How to use?#

create_vtl_corpus allows to automatically create control parameter trajectories for the VocalTractLab (VTL) artculatory synthesizer for a large corpus of speech audio files and transcriptions of these files. It includes the code to align the transcriptions to the audio with the Monreal Forced Aligner (MFA). create_vtl_corpus is mainly used and tested with data from the Mozilla Common Voice project.

To align and synthesize the first 100 words, which apear at least 4 times, of a German speech corpus at the path CORPUS and save the results as a pandas DataFrame to SAVE_DF_PATH run the following command

python -m create_vtl_corpus.create_corpus --corpus CORPUS --language de --needs_aligner --use_mp --min_word_count 4 --word_amount 100 --save_df_name SAVE_DF_NAME --num_cores 4[

Use --help or -h to get a full list of the command line options.

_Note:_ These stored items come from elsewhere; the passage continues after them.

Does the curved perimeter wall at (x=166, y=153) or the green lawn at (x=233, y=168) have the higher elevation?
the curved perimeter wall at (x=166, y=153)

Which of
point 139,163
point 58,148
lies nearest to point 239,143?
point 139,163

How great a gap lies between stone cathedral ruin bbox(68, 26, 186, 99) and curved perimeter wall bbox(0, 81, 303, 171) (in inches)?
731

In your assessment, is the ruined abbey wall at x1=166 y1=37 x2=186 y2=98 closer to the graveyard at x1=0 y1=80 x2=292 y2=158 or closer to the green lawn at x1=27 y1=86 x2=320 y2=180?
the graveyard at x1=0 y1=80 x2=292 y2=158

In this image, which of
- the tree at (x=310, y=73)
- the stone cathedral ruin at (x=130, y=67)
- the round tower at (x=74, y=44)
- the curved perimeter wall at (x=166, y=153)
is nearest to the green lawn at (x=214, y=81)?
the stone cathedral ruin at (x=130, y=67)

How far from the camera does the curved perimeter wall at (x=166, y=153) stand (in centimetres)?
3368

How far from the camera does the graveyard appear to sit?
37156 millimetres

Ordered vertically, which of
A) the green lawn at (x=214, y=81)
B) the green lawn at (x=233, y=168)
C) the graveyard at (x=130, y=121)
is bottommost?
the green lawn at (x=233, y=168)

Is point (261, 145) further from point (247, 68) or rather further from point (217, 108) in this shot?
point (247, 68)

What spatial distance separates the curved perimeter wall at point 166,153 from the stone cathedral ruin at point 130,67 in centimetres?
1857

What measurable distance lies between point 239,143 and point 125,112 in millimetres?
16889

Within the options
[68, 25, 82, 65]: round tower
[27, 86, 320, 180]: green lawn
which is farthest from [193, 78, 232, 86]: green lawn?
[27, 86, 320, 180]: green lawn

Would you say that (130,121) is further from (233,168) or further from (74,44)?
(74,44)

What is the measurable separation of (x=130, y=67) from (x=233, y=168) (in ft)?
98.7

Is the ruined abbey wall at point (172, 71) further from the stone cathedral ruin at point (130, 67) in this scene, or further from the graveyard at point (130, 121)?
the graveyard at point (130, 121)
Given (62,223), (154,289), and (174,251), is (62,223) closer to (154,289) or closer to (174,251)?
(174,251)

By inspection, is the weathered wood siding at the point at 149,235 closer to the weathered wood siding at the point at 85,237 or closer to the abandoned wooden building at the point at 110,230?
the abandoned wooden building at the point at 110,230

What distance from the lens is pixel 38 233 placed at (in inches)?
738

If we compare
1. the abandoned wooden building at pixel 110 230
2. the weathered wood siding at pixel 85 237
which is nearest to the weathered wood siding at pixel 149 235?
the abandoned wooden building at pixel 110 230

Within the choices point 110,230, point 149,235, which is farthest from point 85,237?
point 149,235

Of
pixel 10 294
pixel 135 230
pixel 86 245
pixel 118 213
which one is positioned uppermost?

Furthermore, you can use it within Python. Here the create_vtl_corpus.create_corpus.CreateCorpus class is a good starting point.

Use cases#

create_vtl_corpus can be used to:

  1. Create the vtl corpus with no pre-existing data but not all of the files, i. e. only 10_000 samples.

  2. Add new data to an already existing corpus, add 10_000 new samples.

  3. Filter after words? Create 1000 more “post” word types.

Flags#

The following flags can be used to modify the behaviour of the library.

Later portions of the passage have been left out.